I spent most of this past Monday, January 20th reading and listening to sermons and writings of the Reverend Dr. Martin Luther King, Jr. They weren’t unfamiliar, but I wanted to hear them again, reading with fresh eyes for new meaning. I also wanted to honor this incredible leader and his work while reflecting on its impact for 2020 and beyond. In some ways, we as a nation have come a long way, and yet there is so much more that needs to be done before realizing his dream of a beloved community where there is justice for all.
Among the many lines that struck me in a fresh way was: “I just want to do God’s will.” Simple, clear, old as can be, and something I aspire to most days. Still, I must admit that there are times when I very much just want to do Cathy’s will, not God’s will, even when I know better.

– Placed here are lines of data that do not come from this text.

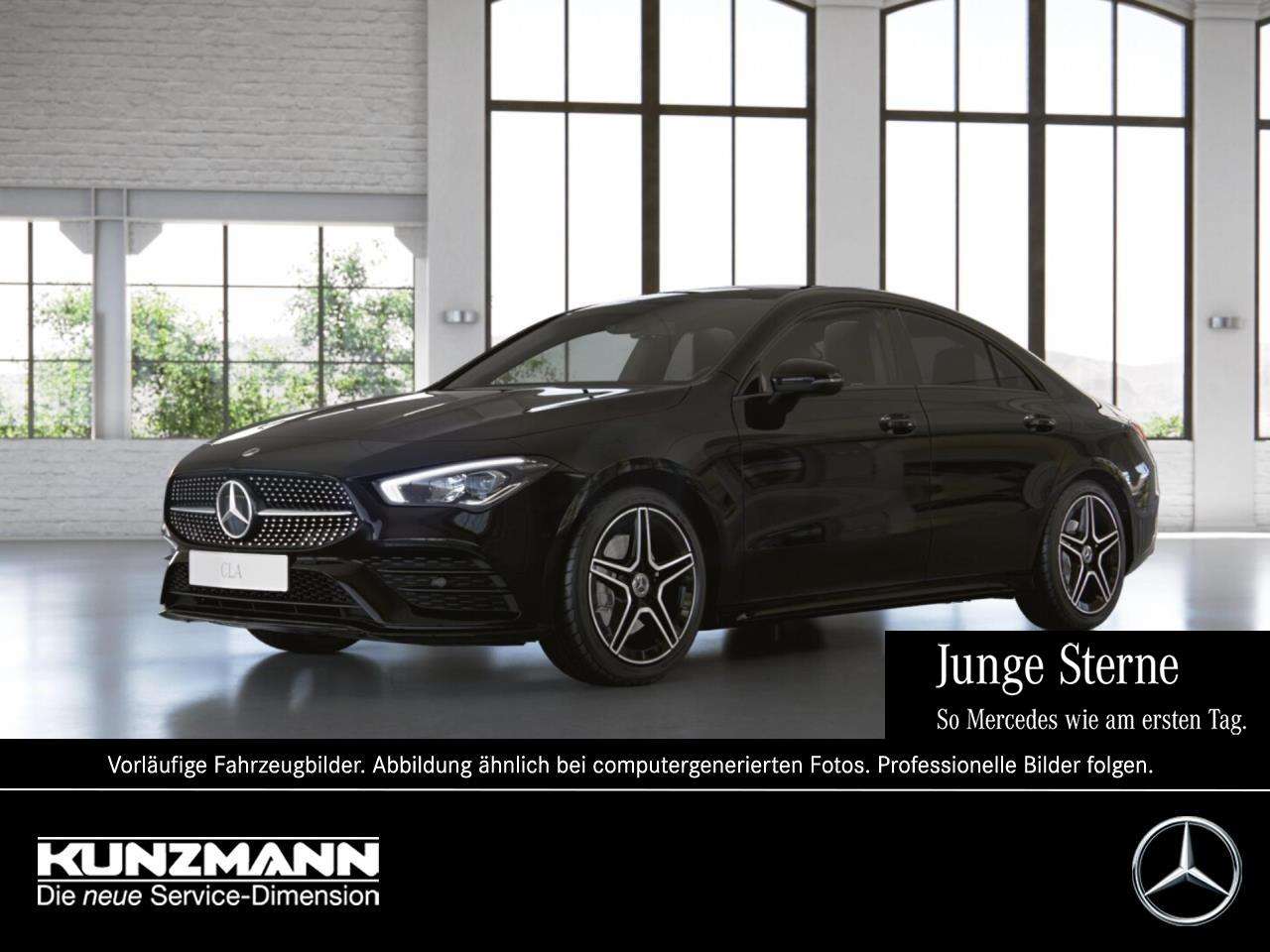 Mercedes-Benz CLA 220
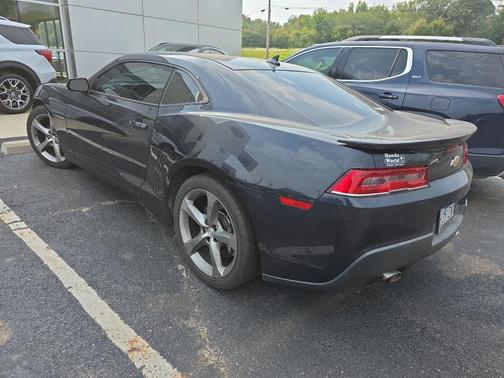 2014 Chevrolet Camaro 1SS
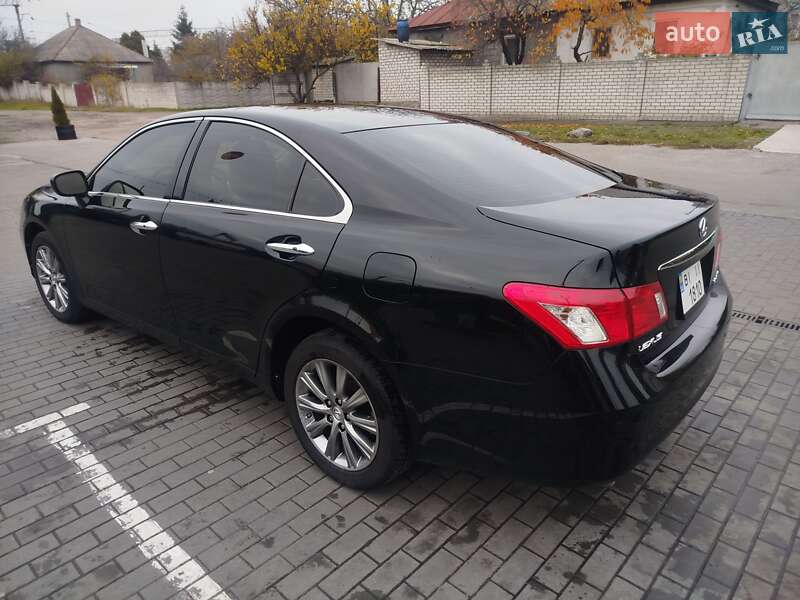 Седан Lexus ES 2008 в Кременчуге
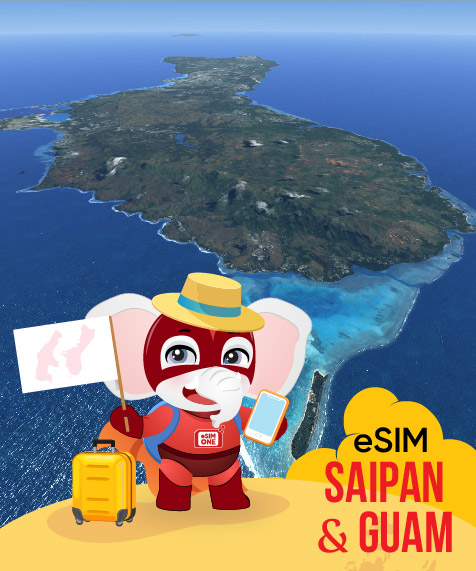 Saipan & Guam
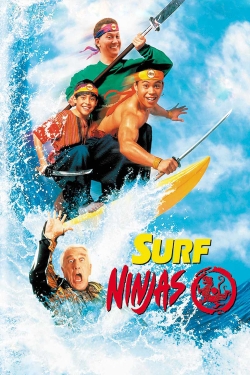 Surf Ninjas full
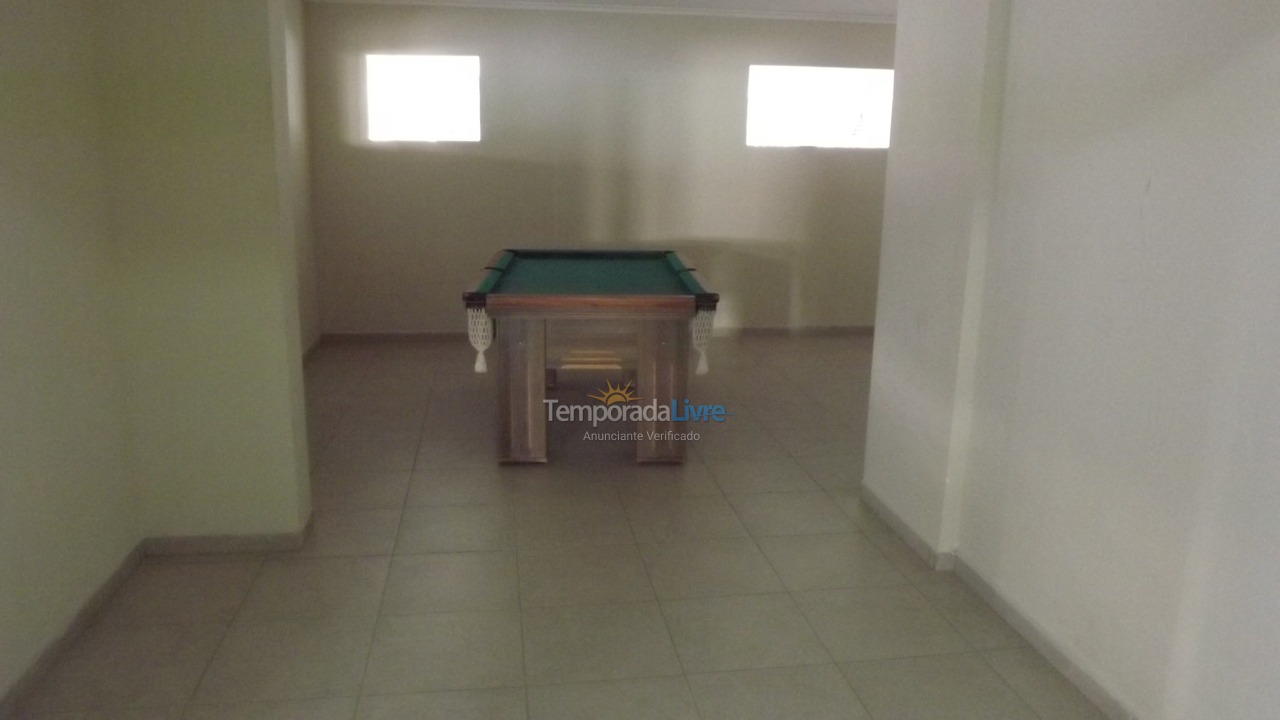 Apartamento para alquiler de vacaciones em Ubatuba (Praia Grande)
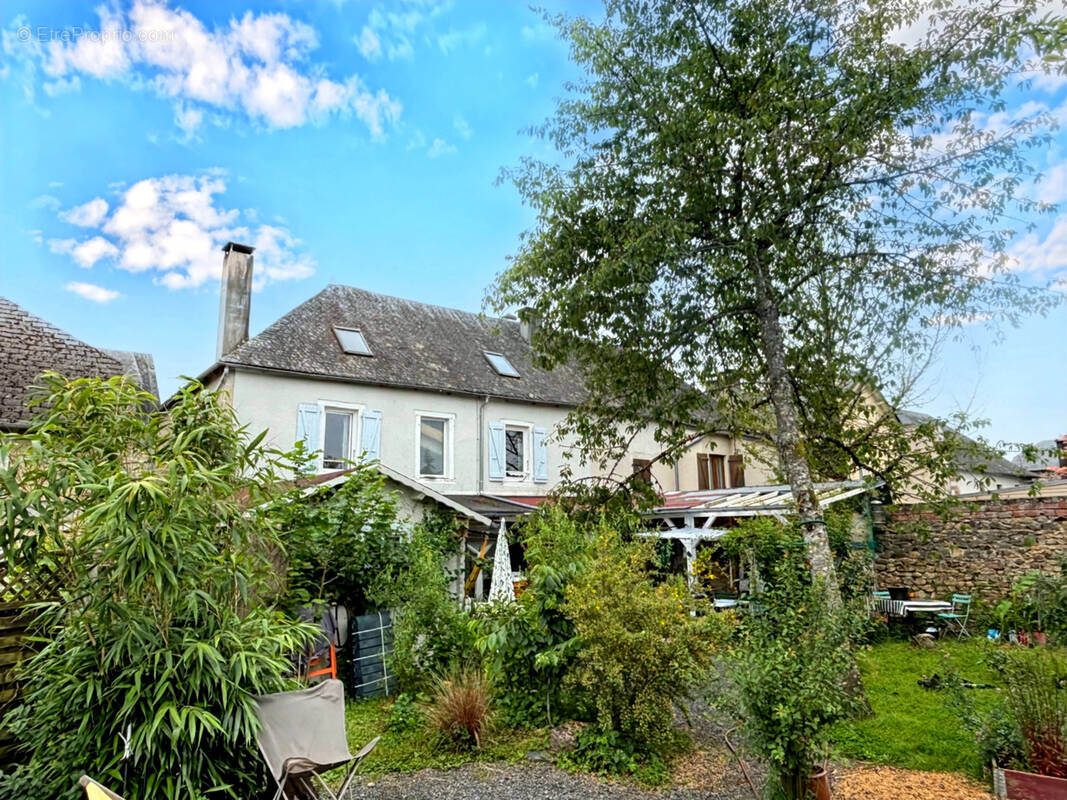 Maison à LAPLEAU
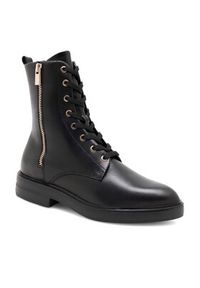 Sergio Bardi Trzewiki ARC-C1040-01SB Czarny. Kolor: czarny. Materiał: skóra #2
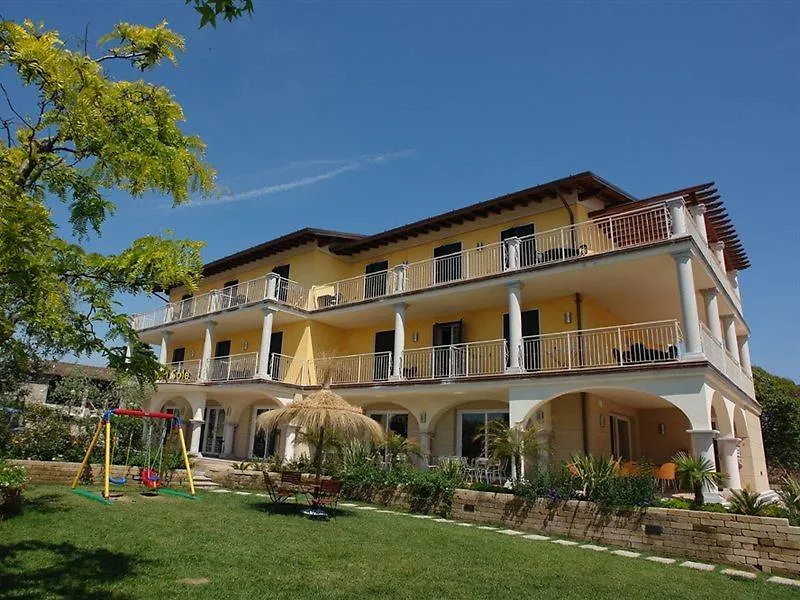Spa Hotel Splendid Sole Manerba del Garda 4*,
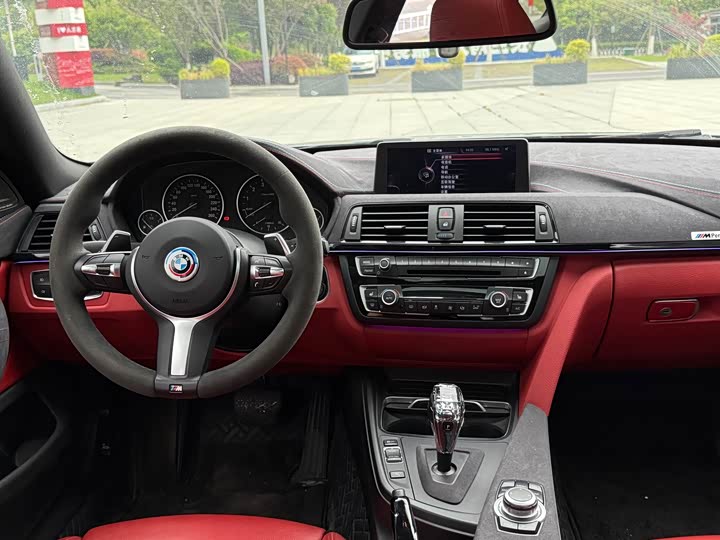 BMW 4 Series 2016 420i Gran Coupe M Sport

This line must have surely been a driving force for King and something he lived and died by. It was part of his final speech the day before he was shot down, when he spoke to a group of poor sanitation workers in Memphis, Tennessee.
“I just want to do God’s will.” A desire to do God’s will means that we spend time with God listening, discerning, questioning, and reflecting on what that will is. It means that we align our heart to God’s heart and trust that God’s way is the way, the best way, regardless of how things appear and who agrees or disagrees. It means that we understand that God’s will is for everybody’s good, not just our own personal interests, wants, and desires.
God’s will. This was among Jesus’ final words in the Garden of Gethsemane—“not my will but thine be done.” It is a prayer that we pray in worship almost every Sunday—“thy will be done.”
“I just want to do God’s will” is a good place to start, a good place to be centered, and a good place to end every circumstance, every decision.
Hate killed Dr. King’s body but could not kill his dream nor the message of love and hope because it is also God’s dream, God’s will for humankind. May it also be ours as well.